(Crawled caption data)

- - -

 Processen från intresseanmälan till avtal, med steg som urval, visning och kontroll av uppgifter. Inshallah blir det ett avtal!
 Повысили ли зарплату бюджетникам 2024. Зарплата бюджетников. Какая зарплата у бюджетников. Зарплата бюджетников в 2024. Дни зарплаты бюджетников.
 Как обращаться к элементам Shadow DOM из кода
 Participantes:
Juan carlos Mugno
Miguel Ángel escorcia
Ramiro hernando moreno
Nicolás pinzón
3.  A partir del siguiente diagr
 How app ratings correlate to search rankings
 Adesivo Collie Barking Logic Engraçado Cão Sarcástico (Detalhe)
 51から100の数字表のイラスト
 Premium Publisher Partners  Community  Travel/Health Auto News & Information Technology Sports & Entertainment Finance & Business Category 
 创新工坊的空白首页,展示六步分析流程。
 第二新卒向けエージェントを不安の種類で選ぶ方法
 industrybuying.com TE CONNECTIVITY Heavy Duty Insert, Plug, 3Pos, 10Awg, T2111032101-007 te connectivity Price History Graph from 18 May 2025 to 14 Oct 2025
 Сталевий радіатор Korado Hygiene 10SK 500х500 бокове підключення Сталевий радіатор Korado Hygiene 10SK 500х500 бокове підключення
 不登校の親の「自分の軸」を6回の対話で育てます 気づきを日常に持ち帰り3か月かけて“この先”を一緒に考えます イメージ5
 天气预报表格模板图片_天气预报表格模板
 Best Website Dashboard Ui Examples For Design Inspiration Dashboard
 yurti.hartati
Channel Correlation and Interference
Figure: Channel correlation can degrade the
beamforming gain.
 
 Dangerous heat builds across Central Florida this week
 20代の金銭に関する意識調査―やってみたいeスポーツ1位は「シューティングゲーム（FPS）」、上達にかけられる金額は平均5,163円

- - -

What to produce
Using the data above, repeat every line exactly.

Answer box
 Processen från intresseanmälan till avtal, med steg som urval, visning och kontroll av uppgifter. Inshallah blir det ett avtal!
 Повысили ли зарплату бюджетникам 2024. Зарплата бюджетников. Какая зарплата у бюджетников. Зарплата бюджетников в 2024. Дни зарплаты бюджетников.
 Как обращаться к элементам Shadow DOM из кода
 Participantes:
Juan carlos Mugno
Miguel Ángel escorcia
Ramiro hernando moreno
Nicolás pinzón
3.  A partir del siguiente diagr
 How app ratings correlate to search rankings
 Adesivo Collie Barking Logic Engraçado Cão Sarcástico (Detalhe)
 51から100の数字表のイラスト
 Premium Publisher Partners  Community  Travel/Health Auto News & Information Technology Sports & Entertainment Finance & Business Category 
 创新工坊的空白首页,展示六步分析流程。
 第二新卒向けエージェントを不安の種類で選ぶ方法
 industrybuying.com TE CONNECTIVITY Heavy Duty Insert, Plug, 3Pos, 10Awg, T2111032101-007 te connectivity Price History Graph from 18 May 2025 to 14 Oct 2025
 Сталевий радіатор Korado Hygiene 10SK 500х500 бокове підключення Сталевий радіатор Korado Hygiene 10SK 500х500 бокове підключення
 不登校の親の「自分の軸」を6回の対話で育てます 気づきを日常に持ち帰り3か月かけて“この先”を一緒に考えます イメージ5
 天气预报表格模板图片_天气预报表格模板
 Best Website Dashboard Ui Examples For Design Inspiration Dashboard
 yurti.hartati
Channel Correlation and Interference
Figure: Channel correlation can degrade the
beamforming gain.
 
 Dangerous heat builds across Central Florida this week
 20代の金銭に関する意識調査―やってみたいeスポーツ1位は「シューティングゲーム（FPS）」、上達にかけられる金額は平均5,163円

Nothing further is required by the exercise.